Schnookeloch in Heidelberg Nach eindeutigem Ausweis des Lagerbuchs der 1770er Jahre und der dazugehörigen Karte war die Parzelle Haselgasse 8 um diese Zeit ein unbebauter Platz. Die Jahrszahl "1703" oberhalb der heutigen Eingangstür erklärt sich m. E. entweder damit, daß man diese Jahreszahl vom Vorgängerbau übernommen hat oder, daß das Erdgeschoß der Fassade des Vorgängerbaus erhalten geblieben ist.

Das Lagerbuch vermerkt zu dieser Liegenschaft: "Die ehemalige Metzger Schrann". Als Schranne (ursprüngliche Bedeutung: tragbare Holzbank) wird i. a. ein Getreidemarkt und das dazu dienende Gebäude bezeichnet. Kraft kurfürstlichen Reskripts erhielt Susanne Fischer, gebohrene Spahr, die Witwe des Bäckers Valentin Fischer, die Liegenschaft "gelegenheitlich des Brückenbaues", dann erwarb es durch Ersteigerung vom 7. April 1796 der Bäckermeister Gottfried Mangold, der zweite Ehemann der Witwe Fischer, mit Einverständnis der Vormünder seines Stiefkindes für 5250 fl (= Gulden). Belastet war die Liegenschaft mit 31 xr (= Kreuzer) 1 hlr (= Heller) zur Stiftschaffnerei.

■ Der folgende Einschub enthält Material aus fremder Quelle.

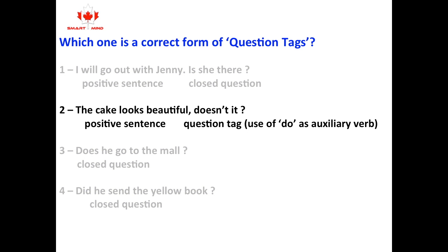The answer is number two. The cake looks beautiful, doesn't it? It's a positive sentence with a negative question tag, using do as an auxiliary verb. Number one — I will go out with Jenny, is she there? — is a closed question. Number three — Does he go to the mall? — is also a closed question. Number four — Did he send a yellow book? — is a closed question.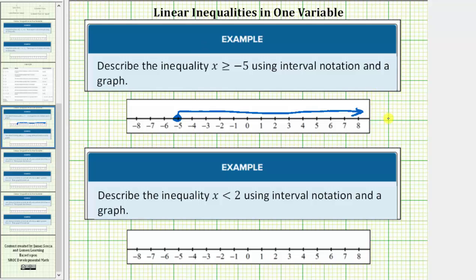Here's the graph, and now for interval notation, we approach positive infinity to the right and negative infinity to the left. Because our interval is all real numbers greater than or equal to negative five, we're going to have negative five comma infinity. Because negative five is in the interval, we make a square bracket to the left of negative five, indicating the endpoint is included. For infinity and negative infinity, we always use a round parenthesis, so we have an open parenthesis to the right of infinity.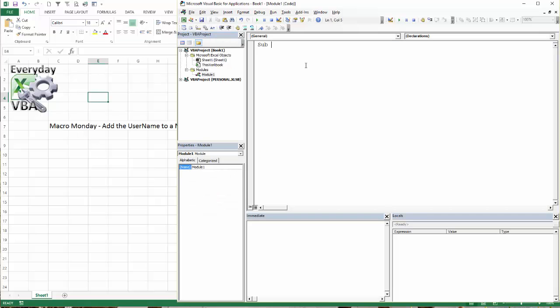So sub macro, this is going to be username MSG. The solution is actually pretty easy, but it's just nice to know that with code you can actually go in and find these different things.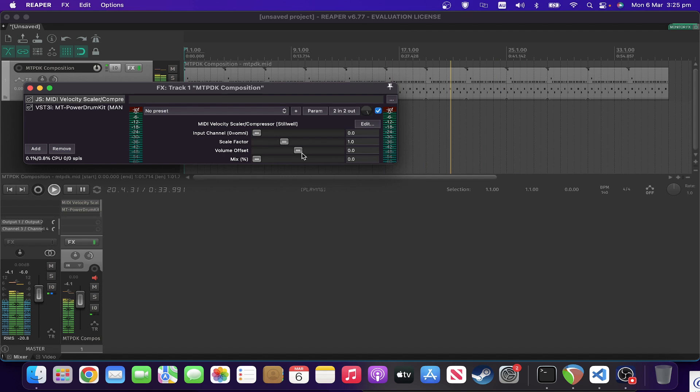So there you have it. That was the MIDI velocity scalar and compressor. Again, very useful, and you could certainly use it for things, for example, like we were talking about the other day.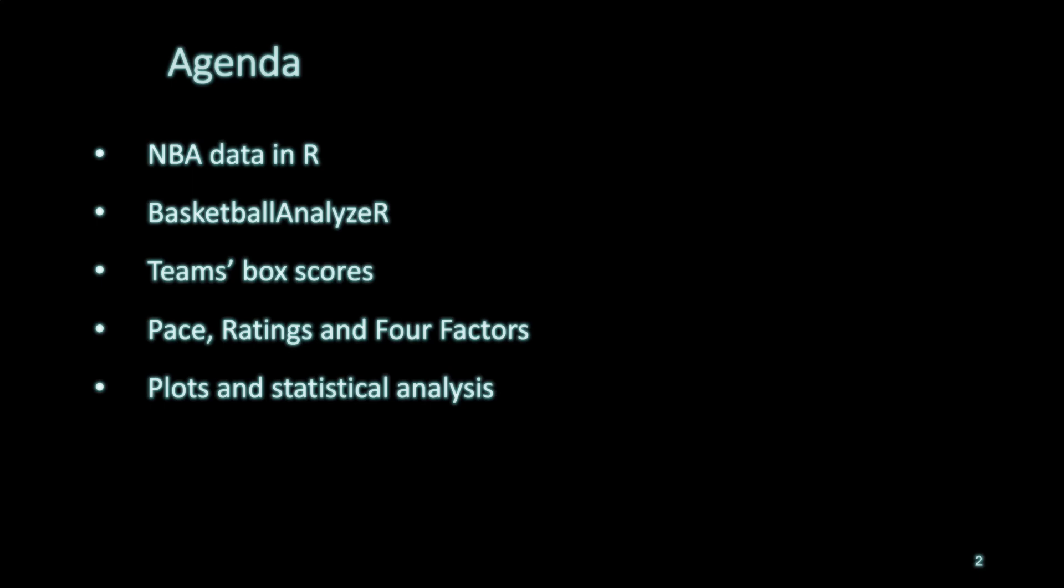Hello and welcome back. Today we will go over how to access NBA data in R. We'll make use of a package called basketball analyzer and we are going to look at team's box scores and based on team's box scores some metrics that are calculated such as pace, ratings, and four factors. Finally, we'll use them to make some plots and also carry out statistical analysis where we will create a multiple linear regression model for number of wins for a team based on independent variables using four factors.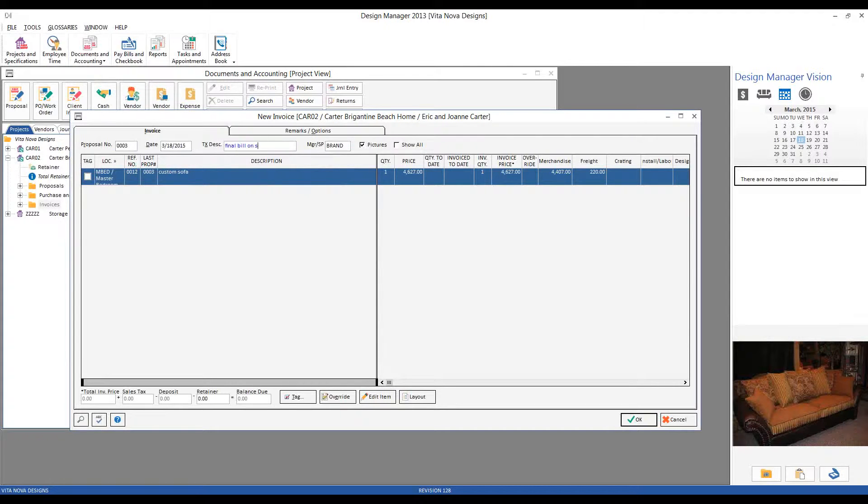I'll bill on Sofa. And then we just select our Custom Sofa.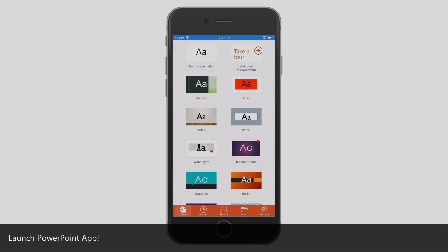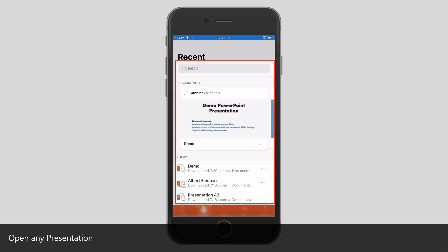Launch the PowerPoint app. Tap Recent, then open any presentation.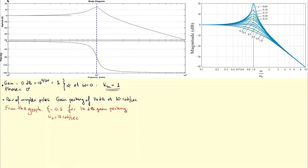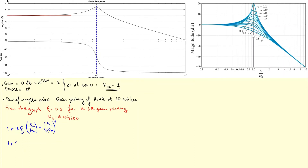We will now use the quadratic form of the pair of complex poles. The standard form is: 1 plus 2 times zeta times s divided by omega_n, plus the quantity s divided by omega_n squared. Substituting our values, this becomes: 1 plus 2 times 0.1 times s divided by 10, plus the quantity s divided by 10 squared.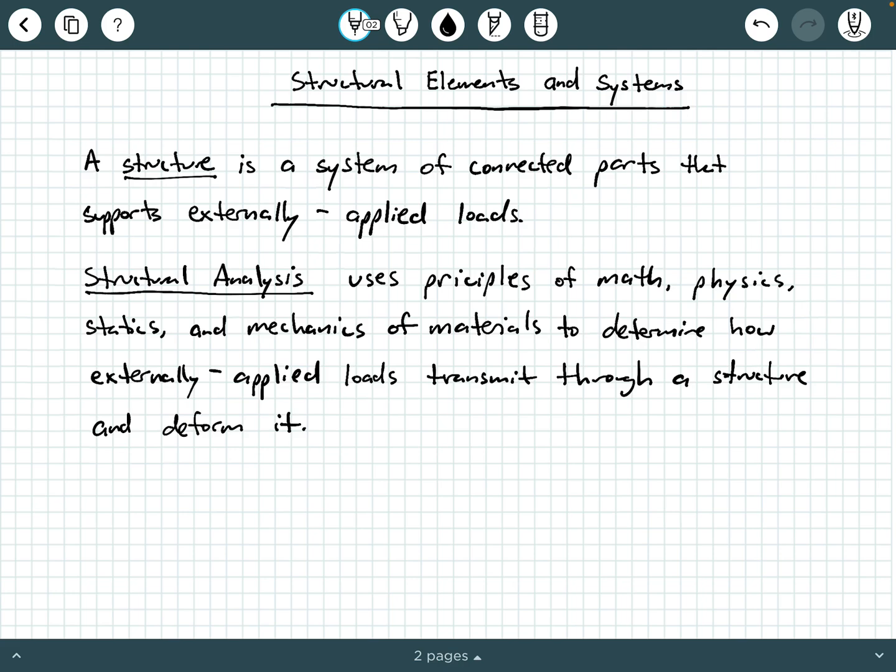In structural analysis, what we do is we apply ideas from math, physics, statics, and mechanics of materials to determine how externally applied loads will cause an effect on a structure. We look at internal load development, we look at deformations of a structure — so translations and rotations. That's structural analysis summarized in a nutshell.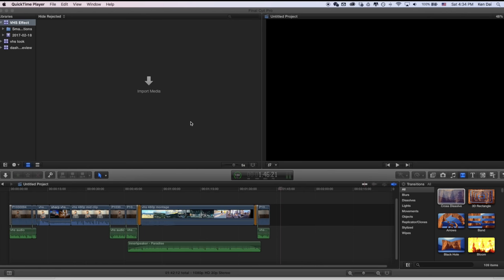So how did I achieve this look? Well, let's head over to Final Cut and I'll show you how. All right, on my computer, the program I'm using is Final Cut Pro to achieve this effect.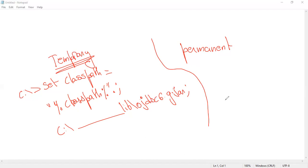If you didn't set the class path, ClassNotFoundException will occur, meaning the Java drivers will not be connected. So to overcome this problem, try to make a permanent class path setting.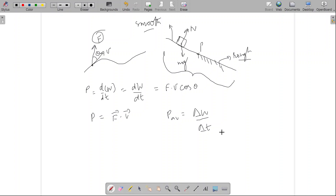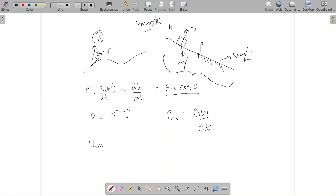So the summary is: power is the time differential of work done by a force or by the net force acting on a particle. It is also defined as the dot product of force and velocity, F·V·cosθ, and can be defined in average terms. The unit of power is 1 watt, which is 1 joule per second. Another common unit of power is 1 horsepower, which equals approximately 746 watts.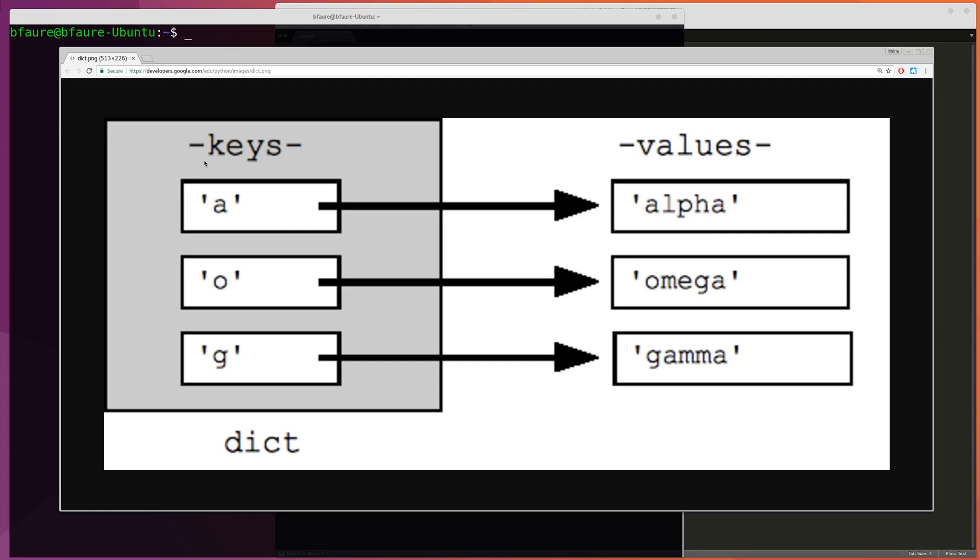So to start off with, a dictionary is basically a mapping from a string or an integer to an object. The string or integer used as the input is known as the key, over here on the left, and the object returned is known as the value, over here on the right. Together we can think of the key and the value as a pair mapping, where the key maps directly to the value, but not the other way around.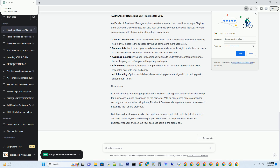Step 1: Accessing Business Manager. To create your Business Manager account, go to Business.Facebook.com and click on the Create Account option. Step 2: Enter Business Details. Next, you'll be prompted to enter your business details, including your business name, your name, and your business email address. Make sure the email address you provide is one you have access to, as this is where important notifications will be sent.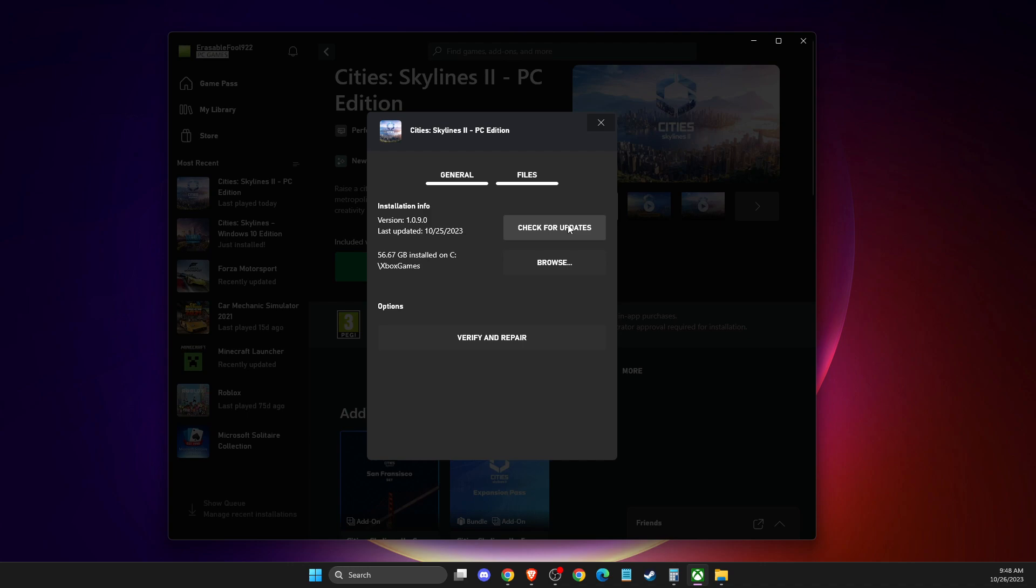And still, if the problem persists, then you need to check for updates and look if there is an update for you that you need to download and install. And if there is, install it, and if there is not...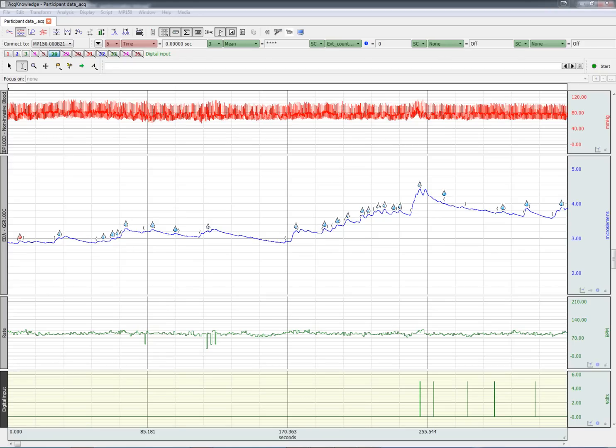Starting with version 4.3 of ACKNOWLEDGE, it's possible to synchronize and merge Biopac physiological data and SMI eye tracking data. The SMI computer paleo port should be connected to Biopac's STP100C.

Valentin Fischer hatte am 20.11.1788 "zu Sicherstellung des auf unserem nechst an der brücke gelegenen dermahl demolirten Hauß gehafteten Capitals" vom Hospitalkollektor Sieben die Summe von 2000 fl bar entliehen und dafür "das von uns neu erbaute dahier in der Haspelgasse gelegene Hauß (...) mit der darauff hafftenden Back-, Feuer- und Schildgerechtigkeit" als Pfand gesetzt.